Reliability Centered Maintenance (RCM) is the most proven proactive approach for developing maintenance programs from scratch. It is a logical process that can be used during the design stage of an asset’s life cycle or later, after the asset has entered service. It uses the knowledge we have of how things fail as discussed in 4, to arrive at logical decisions for individual asset failure management policies. The intent is to avoid or minimize the consequences of failures. One of the great strengths of RCM is that it does not require failures to have occurred in order to generate data for analysis – it anticipates the most likely failure modes and deals with them and their consequences before the fact.
Programs developed using RCM provide for the safe minimum amount of appropriate proactive maintenance. These programs provide a balance of cost vs. reliability that is tailored specifically to your assets in your operating environment. The tendency to over- or under-maintain, often a result of using other methods, is avoided.
RCM was developed and first proven in the aircraft industry where reliability really mattered and was quickly adopted for use in nuclear power generation. Today RCM is used in all capital intensive industries where reliability is important. It is the cornerstone of any reliability improvement program.
The keys to success in RCM are careful application of the process itself and follow-up by implementing the results in your maintenance program. Many failures of well run RCM programs occur because the outputs of the analysis are not put into practice in the operational environment. The follow-up is critical. Optimizing the maintenance program after it has been put into place is done on a continuous basis.
If you want high reliability at optimum cost, RCM is the answer but even RCM is not perfect. Some unforeseen failures may still happen and you will want to avoid having them happen again. Future equipment failures can also be eliminated through several reactive methods of asset reliability improvement. These methods are used after the failures have already occurred. Post-mortem analysis can teach us a great deal. And, even if you have used RCM, there may be some failures you miss – in those cases reactive methods are the answer.
Preventive Maintenance Optimization (PMO) is a method based on RCM logic that is applied to existing maintenance programs in an attempt to optimize them. PMO arose out of the need to improve the performance of existing maintenance programs that were failing to meet desired performance expectations.
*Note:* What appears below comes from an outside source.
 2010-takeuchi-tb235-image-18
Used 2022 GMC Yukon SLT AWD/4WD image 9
RCM logic is used in analyzing the various maintenance activities of the existing program in order to eliminate or modify them. It attempts to identify failure modes that may have been missed by the original maintenance program but its approach is not as thorough as RCM. Never the less, it has achieved some very good results and it is worthy of consideration.
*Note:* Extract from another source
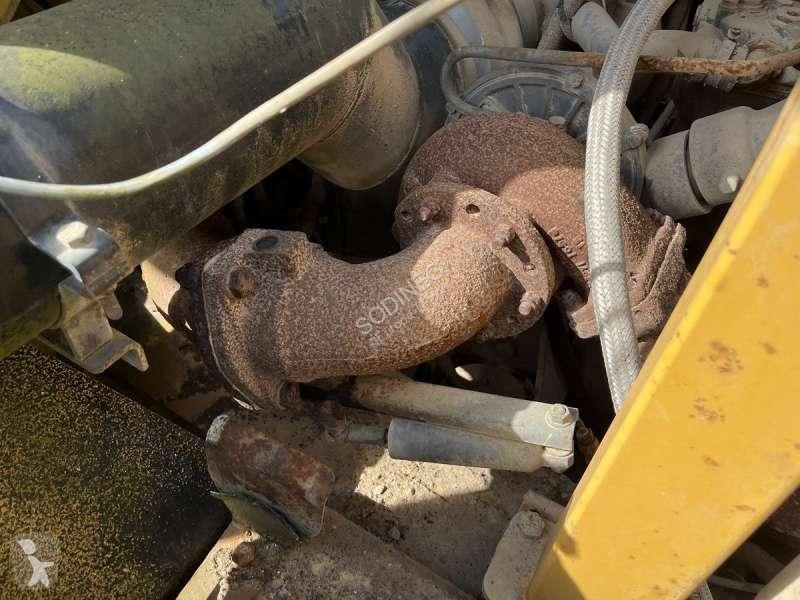 عربة قلابة Bell M 6X6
Root Cause Failure Analysis (RCFA) is entirely reactive to failures that have already occurred. RCFA is a method of performing a sort of “post mortem” to determine what caused any particular failure. The intent is to eliminate the “root cause”, that being the identifiable cause that you can manage in some practical way.
Decision optimization techniques and tools help maintainers to make fact based decisions or to improve on decisions already made. RCM can be used before the asset is put into service (as it is in the aircraft and nuclear industries) so the decisions made about task frequencies and failure modes were invariably made with some degree of uncertainty. Once the program is put into place some failures will arise that were not anticipated or the frequencies of failures may be different than what was originally estimated. Optimization techniques are used to analyze the in-service data to validate or modify the original decisions. It’s a form of second guessing, though much more precise, due to the failure data that has been accumulated in service and is now available for use. These techniques can be very accurate provided the data is accurate and they are perhaps one of the best approaches for continuously improving on an existing maintenance program.
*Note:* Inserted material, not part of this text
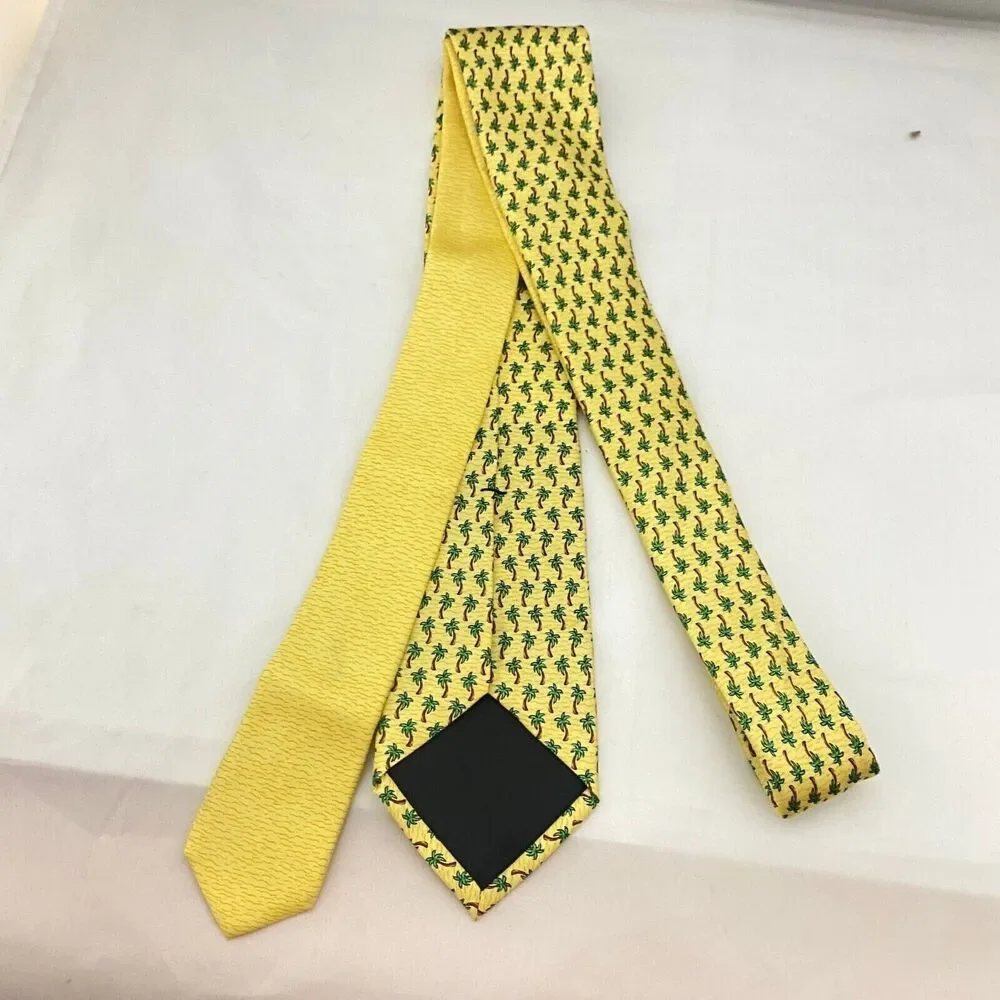 The Unbranded Brand #5652 yellow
Reliability and simulation modeling are computer based techniques that allow us to mathematically model the behavior of our installed systems. They can reveal where we have process bottlenecks and, if we are working to improve on one bottleneck, where the next ones are likely to arise. These models can also show us the effect of various reliability improvements at different points in the systems and help us focus our engineering efforts more effectively.